La repressione francese non tarda ad arrivare: molti ciociari trovano la morte, alcuni vengono torturati, altri picchiati, ben 97 case vengono bruciate e le chiese saccheggiate. I francesi non hanno pietà per nessuno. Uomini, donne, anziani e perfino i bambini: tutti sono travolti dalla loro furia.
Dopo quest’episodio, i frusinati, instancabili lavoratori con un vivo senso dell’umorismo e un’alta dignità, ricostruiscono la città: nonostante l’occupazione giacobina, nel 1799, l’anno successivo alla ribellione sedata nel sangue, decidono anche di festeggiare il Carnevale e la festa della Radeca – ossia la foglia d’ agave, un simbolo di fecondità, festa che affonda le sue origini nei riti precristiani e pagani sulla fertilità – e per l’occasione preparano uno scherzo alle truppe francesi comandate dal generale Championnet.

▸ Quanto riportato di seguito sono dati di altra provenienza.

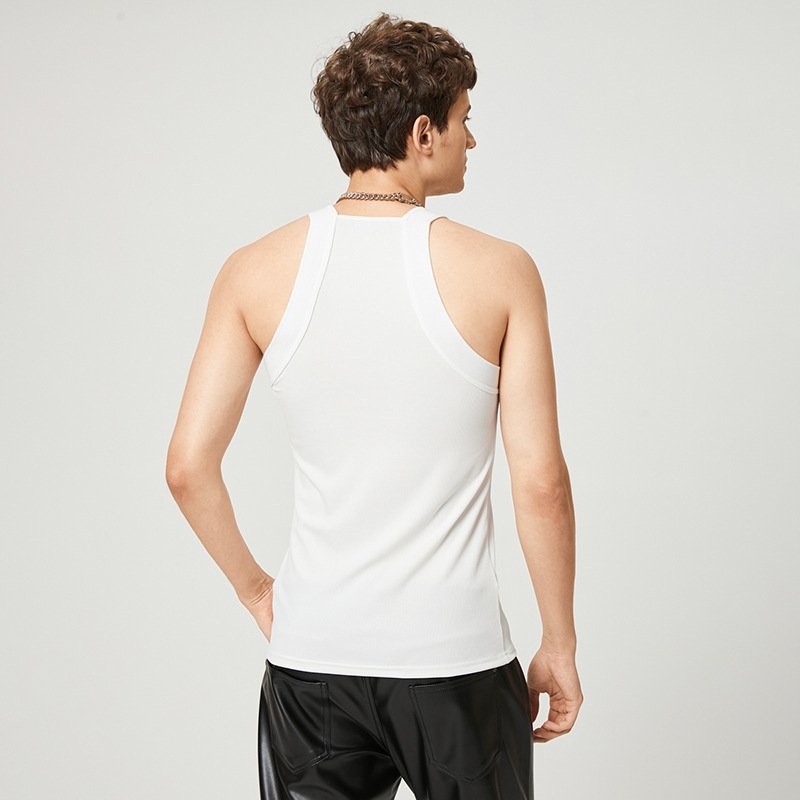 Hot Salemen premium quality cotton man tank top streetwear knitted fitness sleeveless ribbed tank top mens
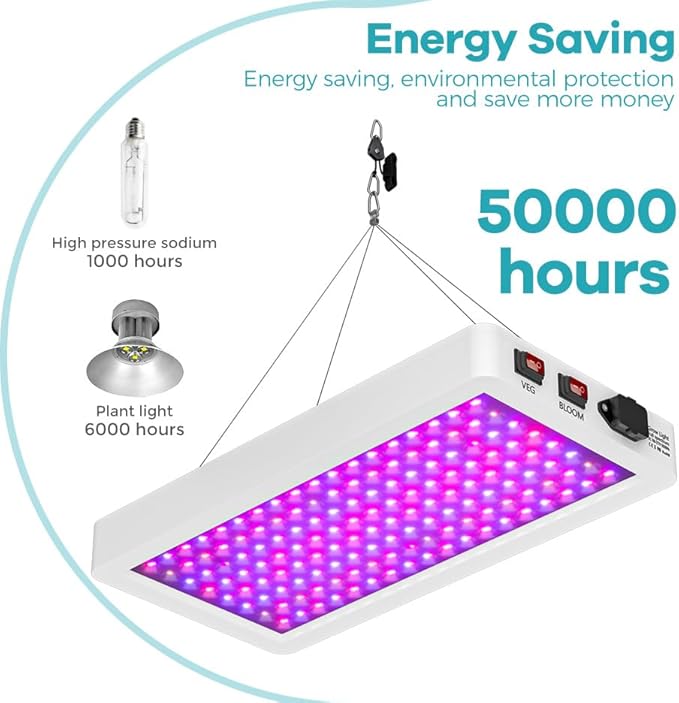 2pcs 300W LED Growth Lights Red Blue Full Spectrum Plant Lamps 192Led Veg/Bloom Modes Dimmable Warm White Light Greenhouse Hydroponics 100-277V Indoor IR Seeds Cultivation Lighting with Hook US Plug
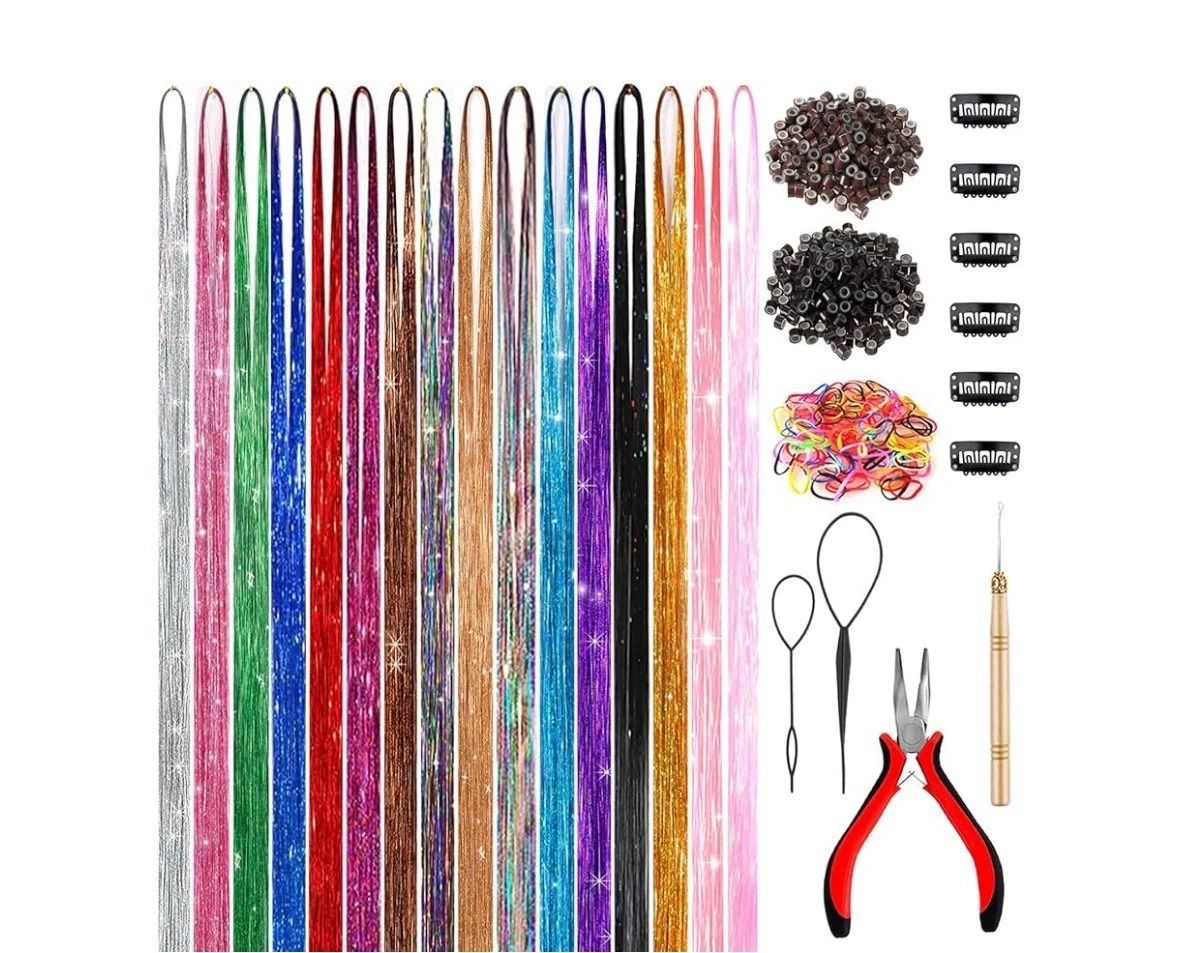 48" Fairy Hair Tinsel Kit - 12 Colors, 3600 Strands, Shiny Hair Extensions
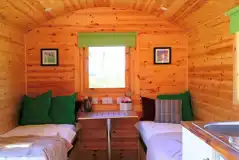 Shepherd's hut twin beds with electric sockets Shepherd's hut twin beds with electric sockets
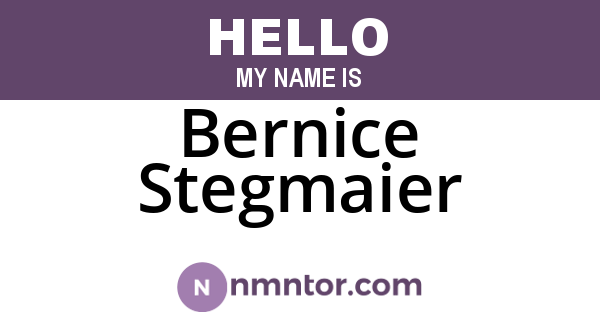 Bernice Stegmaier
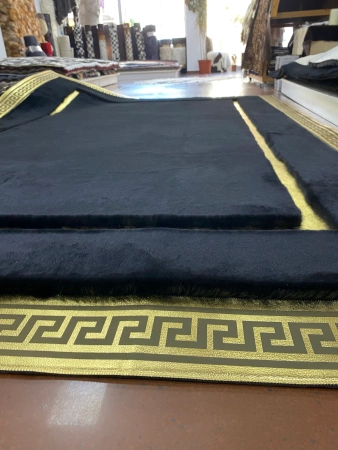 Luxury Black Genuine Sheepskin Rug with Gold Accents - Elegant Premium Versace Style Rug, Handmade - Ideal for Living Room and Bedroom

Diffondono la notizia che in città c’è una rivolta e Championnet in persona decide di sedare con la violenza questa nuova sommossa. Arrivato a Frosinone però non trova il clima ostile che si aspettava, ma una festa. Gli abitanti ciociari gli hanno teso un tranello e il generale francese non può fare altro che partecipare ai festeggiamenti del carnevale, bere vino rosso e mangiare i fini fini, ossia le fettuccine tipiche della Ciociaria.
In seguito a questo scherzo il generale Championnet è diventato simbolo del Carnevale frusinate e dei paesi circostanti dove, ancora oggi, durante questi giorni di festa, si mangiano fettuccine al sugo e si beve vino rosso.